What is expected: Would you transcribe the whole listing exactly, minus its pictures?

Information shown START

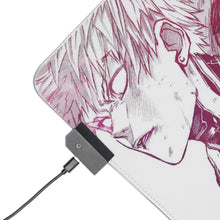 Load image into Gallery viewer, One-Punch Man 8k RGB LED Mouse Pad (Desk Mat)
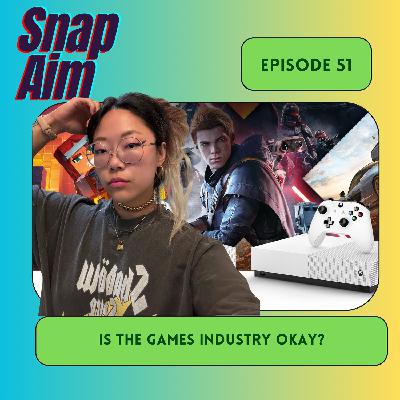 Is the Games Industry Okay? (Xbox Layoffs)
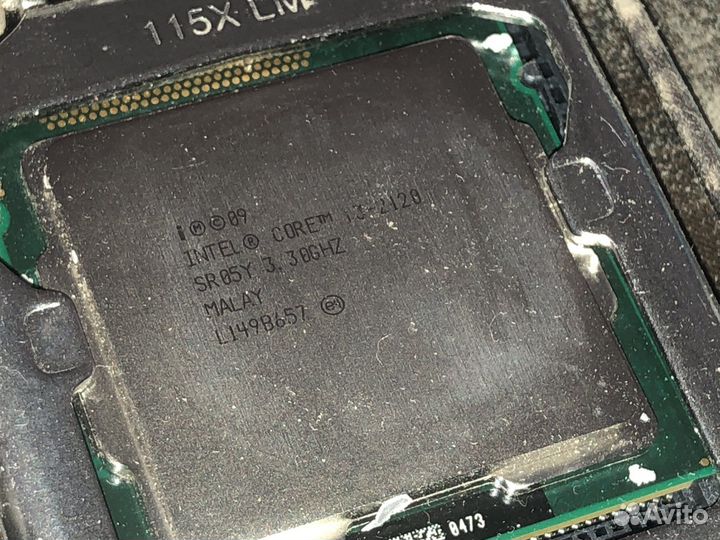 Пк P8H67-M LE + i3-2120 + DDR3 озу 4гб + GT 210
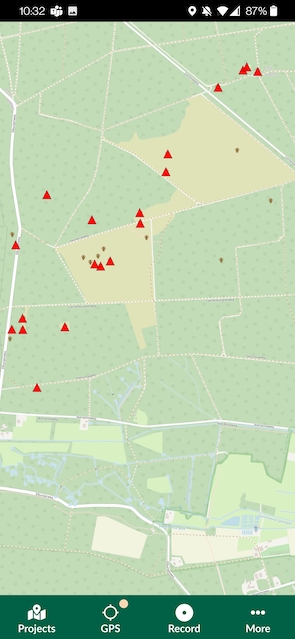 Burial mounds to be verified, image courtesy of Tijdlab.nl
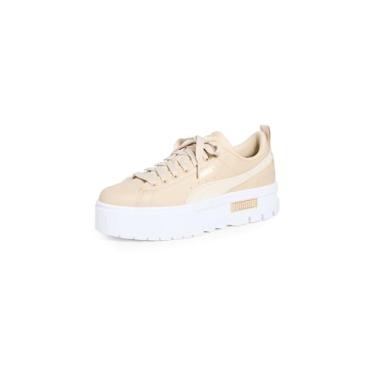 Imagem de PUMA Tênis feminino de couro Mayze, Granola, 40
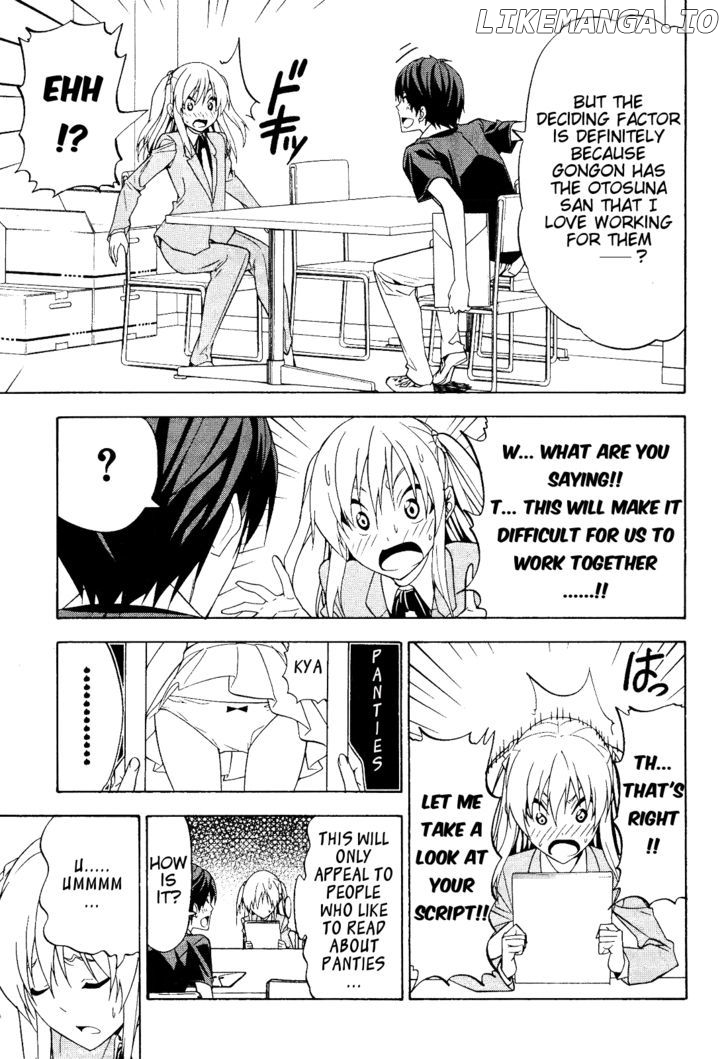 Mangaka-san to Assistant-san to chapter 67 - page 3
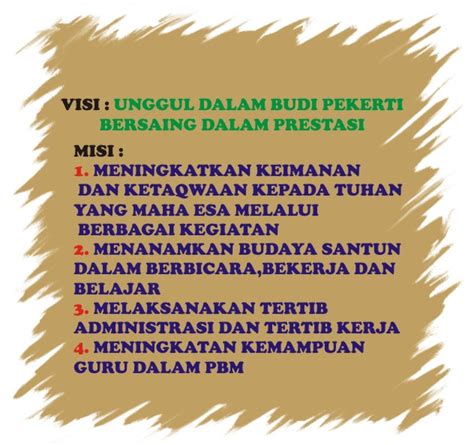 Detail Contoh Visi Misi Pramuka Koleksi Nomer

Information shown END

Answer for the task:
 Load image into Gallery viewer, One-Punch Man 8k RGB LED Mouse Pad (Desk Mat)
 Is the Games Industry Okay? (Xbox Layoffs)
 Пк P8H67-M LE + i3-2120 + DDR3 озу 4гб + GT 210
 Burial mounds to be verified, image courtesy of Tijdlab.nl
 Imagem de PUMA Tênis feminino de couro Mayze, Granola, 40
 Mangaka-san to Assistant-san to chapter 67 - page 3
 Detail Contoh Visi Misi Pramuka Koleksi Nomer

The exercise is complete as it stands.